The internet infrastructure company had largely resolved the issue by 9 a.m. C.T., but said its engineers were still working on some lingering issues.
The disruption highlights how reliant modern digital services have become on a handful of cloud infrastructure providers: When one fails, the ripple effects can be massive.
Cloudflare said it was continuing to monitor for errors to ensure all services are back to normal. The San Francisco-based company protects websites from online threats and improves their performance.
Major platforms experiencing outages included X, Shopify, Dropbox, Coinbase, and League of Legends. Moody’s credit rating service displayed an Error Code 500, directing users to Cloudflare’s website.

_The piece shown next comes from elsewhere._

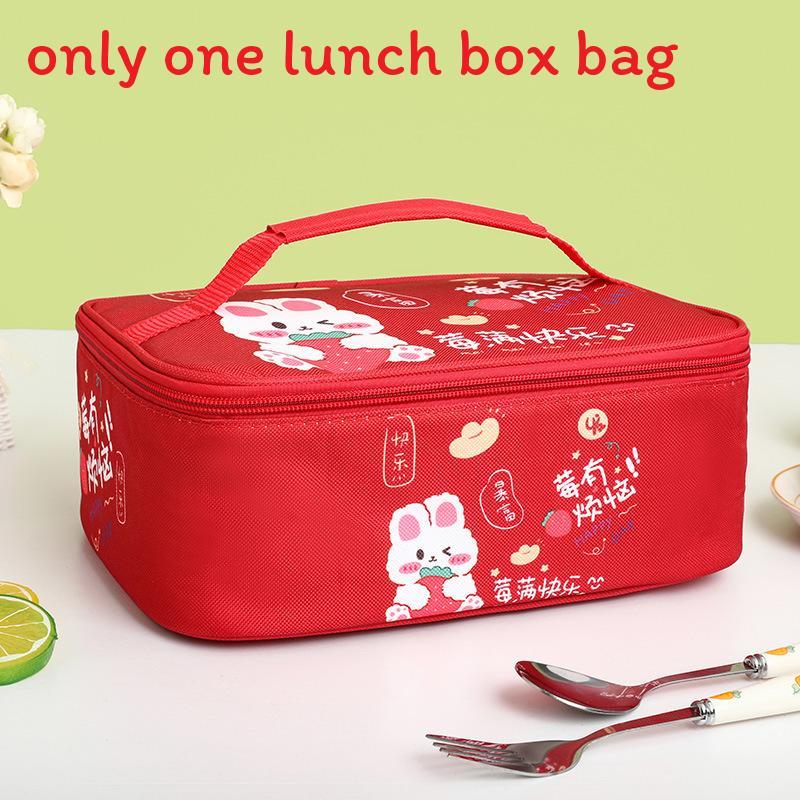 Cartoon Insulated Bento Bag For Kids With Aluminum Foil Lunchbox Carrier For School Or Travel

New Jersey Transit warned that parts of its digital services, including njtransit.com, “may be temporarily unavailable or slow to load.” The disruption affected commuters trying to access schedules and ticket information.
However, locally, the Dallas Area Rapid Transit system reported no disruptions due to the Cloudflare outage.
Tuesday’s incident follows a pattern of major cloud service outages. Microsoft deployed a fix last month after Azure infrastructure problems knocked out Office 365 and Minecraft.
Amazon’s cloud computing service experienced a massive outage in October. The failure cascaded across social media, gaming, food delivery, and financial platforms before engineers restored service.
These recurring incidents underscore the vulnerability of the internet infrastructure. As more services migrate to the cloud, single points of failure can have broader impacts.